If a user configures the URLs example.com
and example.org
and the strategies desktop
and mobile
, then the following requests will be triggered
curl -X GET https://www.googleapis.com/pagespeedonline/v5/runPagespeed?url=example.com&strategy=desktop
curl -X GET https://www.googleapis.com/pagespeedonline/v5/runPagespeed?url=example.com&strategy=mobile
curl -X GET https://www.googleapis.com/pagespeedonline/v5/runPagespeed?url=example.org&strategy=desktop
curl -X GET https://www.googleapis.com/pagespeedonline/v5/runPagespeed?url=example.org&strategy=mobile
Adding the partition value to the record
Sometimes it's helpful to attach the partition a record belongs to to the record itself so it can be used during analysis in the destination.

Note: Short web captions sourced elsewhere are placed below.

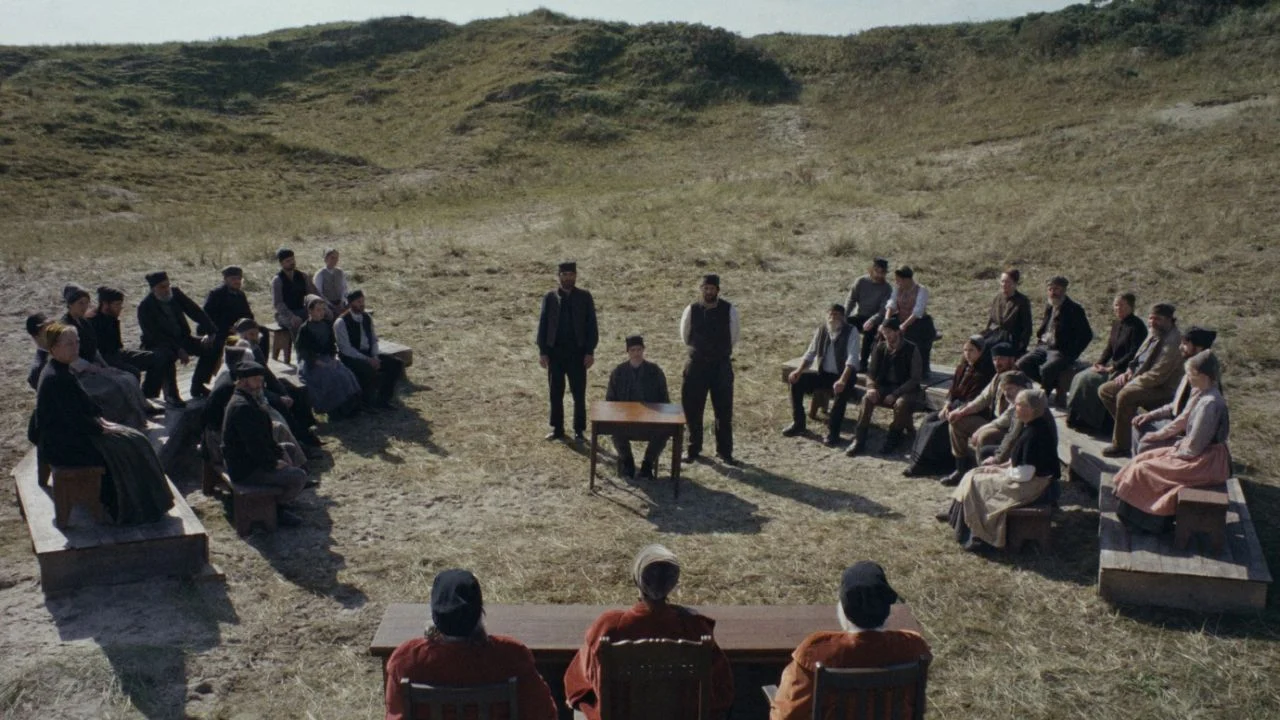 Will the village court still recognize the returnee Hein (Paul Boche)? Or does he have to leave the island straight away?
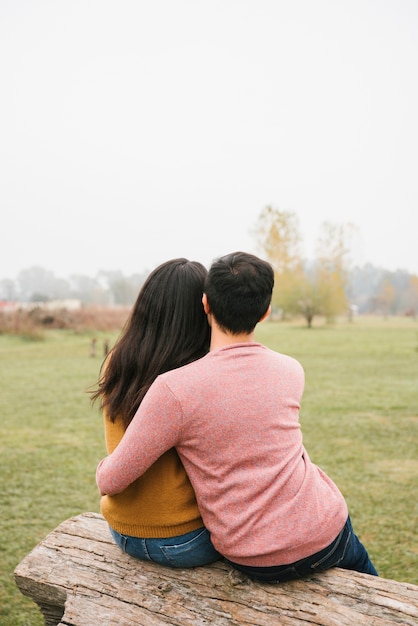 Cariñosa pareja abrazándose en el parque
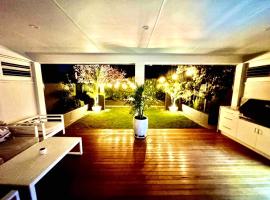 Luxury modern beach house with stunning outdoor, hotel din Grange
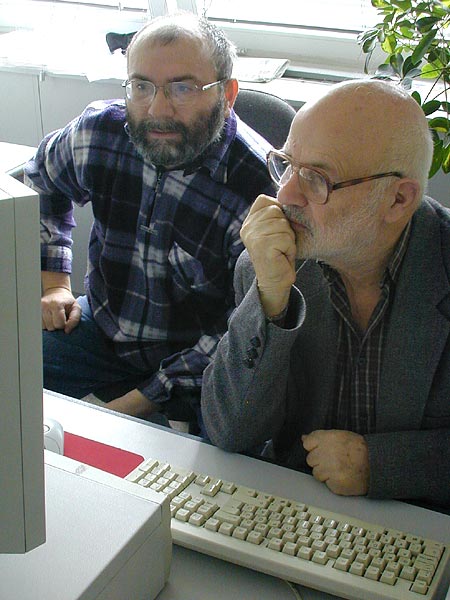 Eörsi István élõben válaszol az olvasóknak, balra Tamás Tibor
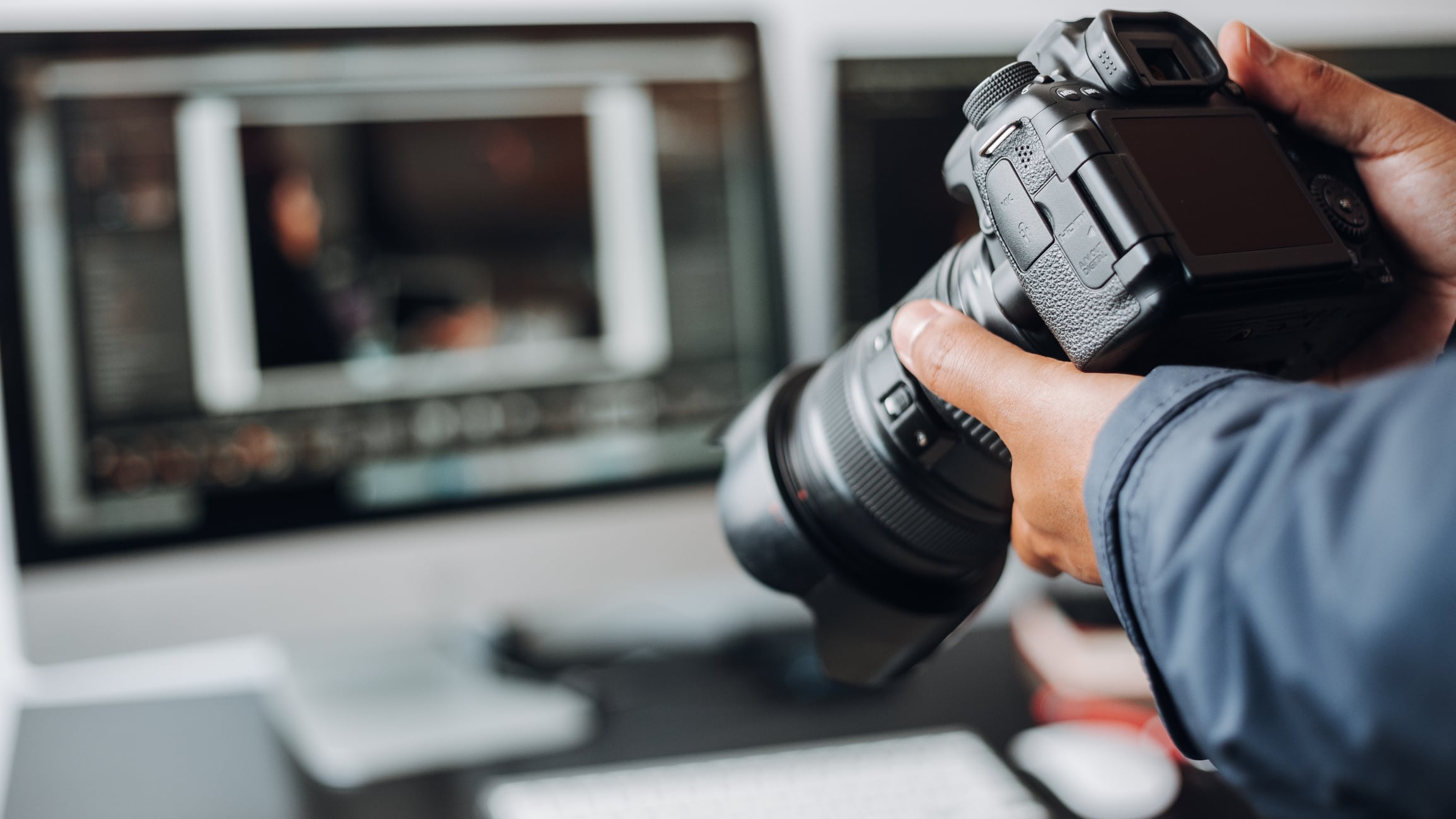 Un fotógrafo con una cámara en la mano.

This can be done using a transformation to add a field and the {{ stream_partition.<identifier> }}
interpolation placeholder.
For example when fetching the order notes via the Woocommerce API, the order id itself is not included in the note record, which means it won't be possible to associate which note belongs to which order:
{ "id": 999, "author": "Jon Doe", "note": "Great product!" }
However the order id can be added by taking the following steps:
- Making sure the "Current Parameter Value Identifier" is set to
order
- Add an "Add field" transformation with "Path"
order_id
and "Value"{{ stream_partition.order }}
Using this configuration, the notes record looks like this:
{ "id": 999, "author": "Jon Doe", "note": "Great product!", "order_id": 123 }
Custom parameter injection
Using the "Inject Parameter / Parent Key Value into outgoing HTTP Request" option in the Parameterized Requests and Parent Stream components works for most cases, but sometimes the API has special requirements that can't be handled this way:
- The API requires to add a prefix or a suffix to the actual value
- Multiple values need to be put together in a single parameter
- The value needs to be injected into the URL path
- Some conditional logic needs to be applied
To handle these cases, disable injection in the component and use the generic parameter section at the bottom of the stream configuration form to freely configure query parameters, headers and properties of the JSON body, by using jinja expressions and available variables. You can also use these variables (like stream_partition
) as part of the URL path as shown in the Woocommerce example above.